Die Beziehung des Paares war beendet, der gute Kontakt habe jedoch angedauert, bestätigen Bekannte der Frau rosenheim24. Der Vater des Kindes soll mit mehreren Monaten Abstand regelmäßig Mutter und Kind besucht haben. Ein Nachbar: „Das hier sind dünne Wände. Ich habe nichts von Streitereien oder so gehört. Er hat oft Pakete und Blumen geschickt.“

Obduktion am Montagnachmittag

Die Obduktionen, die am Institut für Rechtsmedizin in München  am Montagnachmittag abgeschlossen wurde, spricht jedoch eine andere Sprache. Demnach verstarb die 44-jährige Frau aus Kolbermoor an zahlreichen Stichverletzungen. Der Täter hat demzufolge eine Vielzahl von Messerstichen gegen den Oberkörper der Frau geführt, von denen mehrere lebensgefährliche Verletzungen verursachten.  

Verdacht gegen 49-Jährigen erhärtet

Im Rahmen der Spurensicherung wurde bei dem 49-Jährigen aus Bayreuth die mutmaßliche Tatwaffe aufgefunden.
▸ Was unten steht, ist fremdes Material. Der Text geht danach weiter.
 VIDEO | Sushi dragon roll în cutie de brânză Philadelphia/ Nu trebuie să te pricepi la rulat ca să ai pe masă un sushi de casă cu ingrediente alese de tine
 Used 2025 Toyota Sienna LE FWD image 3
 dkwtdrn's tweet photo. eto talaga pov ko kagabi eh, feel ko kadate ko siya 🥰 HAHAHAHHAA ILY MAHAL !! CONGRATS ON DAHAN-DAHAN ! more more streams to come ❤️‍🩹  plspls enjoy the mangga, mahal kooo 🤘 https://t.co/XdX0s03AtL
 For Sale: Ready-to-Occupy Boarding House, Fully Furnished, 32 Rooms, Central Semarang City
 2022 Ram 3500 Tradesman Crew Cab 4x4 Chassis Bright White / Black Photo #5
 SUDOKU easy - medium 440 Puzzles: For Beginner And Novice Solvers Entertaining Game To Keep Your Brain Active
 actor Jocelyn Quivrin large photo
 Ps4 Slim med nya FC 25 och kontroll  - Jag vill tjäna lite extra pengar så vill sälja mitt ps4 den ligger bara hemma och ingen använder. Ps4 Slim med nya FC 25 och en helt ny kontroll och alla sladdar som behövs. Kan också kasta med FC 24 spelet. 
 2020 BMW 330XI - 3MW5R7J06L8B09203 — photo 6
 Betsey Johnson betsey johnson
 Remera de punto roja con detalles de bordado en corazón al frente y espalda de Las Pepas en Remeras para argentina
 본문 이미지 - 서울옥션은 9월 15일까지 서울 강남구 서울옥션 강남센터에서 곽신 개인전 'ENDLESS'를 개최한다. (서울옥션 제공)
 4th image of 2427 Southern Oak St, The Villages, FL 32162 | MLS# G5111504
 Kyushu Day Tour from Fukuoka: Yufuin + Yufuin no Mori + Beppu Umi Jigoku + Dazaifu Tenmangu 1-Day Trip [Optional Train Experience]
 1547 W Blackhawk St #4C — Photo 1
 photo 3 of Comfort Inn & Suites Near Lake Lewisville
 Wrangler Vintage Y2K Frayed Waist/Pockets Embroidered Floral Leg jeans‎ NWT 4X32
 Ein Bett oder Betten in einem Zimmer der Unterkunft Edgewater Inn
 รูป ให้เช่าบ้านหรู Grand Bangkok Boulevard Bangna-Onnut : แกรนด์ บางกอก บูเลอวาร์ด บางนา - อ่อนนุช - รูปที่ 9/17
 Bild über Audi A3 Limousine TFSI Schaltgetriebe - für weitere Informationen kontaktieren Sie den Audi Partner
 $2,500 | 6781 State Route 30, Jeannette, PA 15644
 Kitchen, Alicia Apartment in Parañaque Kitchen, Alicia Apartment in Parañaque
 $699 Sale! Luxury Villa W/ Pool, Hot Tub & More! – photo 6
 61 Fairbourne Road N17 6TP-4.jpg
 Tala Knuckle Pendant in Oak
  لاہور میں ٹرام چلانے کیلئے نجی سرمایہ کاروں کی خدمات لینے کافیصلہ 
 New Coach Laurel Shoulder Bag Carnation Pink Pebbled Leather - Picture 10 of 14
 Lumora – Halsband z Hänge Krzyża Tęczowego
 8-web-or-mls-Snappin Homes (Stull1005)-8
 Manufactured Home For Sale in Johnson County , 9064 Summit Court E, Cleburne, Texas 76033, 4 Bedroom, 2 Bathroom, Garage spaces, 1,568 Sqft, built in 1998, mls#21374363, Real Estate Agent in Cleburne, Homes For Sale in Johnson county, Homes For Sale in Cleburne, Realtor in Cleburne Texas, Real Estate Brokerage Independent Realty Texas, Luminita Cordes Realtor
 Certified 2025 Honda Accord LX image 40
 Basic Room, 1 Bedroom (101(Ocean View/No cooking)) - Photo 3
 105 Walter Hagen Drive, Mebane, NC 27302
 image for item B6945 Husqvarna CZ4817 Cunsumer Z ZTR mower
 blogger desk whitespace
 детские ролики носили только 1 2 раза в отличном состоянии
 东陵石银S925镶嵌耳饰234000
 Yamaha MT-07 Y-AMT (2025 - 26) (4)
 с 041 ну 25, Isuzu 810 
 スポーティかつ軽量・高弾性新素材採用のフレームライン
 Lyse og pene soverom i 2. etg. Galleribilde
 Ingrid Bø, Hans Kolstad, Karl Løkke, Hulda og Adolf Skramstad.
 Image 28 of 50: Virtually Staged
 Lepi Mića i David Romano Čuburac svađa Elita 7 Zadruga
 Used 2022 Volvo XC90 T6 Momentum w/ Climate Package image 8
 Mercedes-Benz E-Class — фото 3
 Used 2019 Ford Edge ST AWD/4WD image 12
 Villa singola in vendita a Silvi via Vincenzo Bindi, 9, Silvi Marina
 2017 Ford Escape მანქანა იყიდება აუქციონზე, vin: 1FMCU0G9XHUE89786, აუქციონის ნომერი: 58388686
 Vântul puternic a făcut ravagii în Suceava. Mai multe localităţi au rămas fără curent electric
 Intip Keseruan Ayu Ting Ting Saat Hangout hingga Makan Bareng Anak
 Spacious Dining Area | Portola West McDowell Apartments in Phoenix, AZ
Im sichergestellten Fahrzeug und der Wohnung des Opfers ergaben sich außerdem zusätzlich Spuren und Indizien, die den Tatverdacht gegen den 49-jährigen Mann erhärten.

Wie die Ermittlungen der Kriminalpolizei ergaben, hat sich der 49-jährige Mann am Sonntag in der Wohnung seiner früheren Lebensgefährtin aufgehalten. In den frühen Abendstunden ist es dann vermutlich zu einer Auseinandersetzung zwischen den beiden gekommen, in deren weiterem Verlauf die Frau ihre tödlichen Verletzungen erlitten hat.

Die Ursache des vermuteten Streits und damit das Motiv für die Bluttat sind noch ungeklärt. Die Getötete soll seit einiger Zeit aber eine neue Beziehung gehabt haben.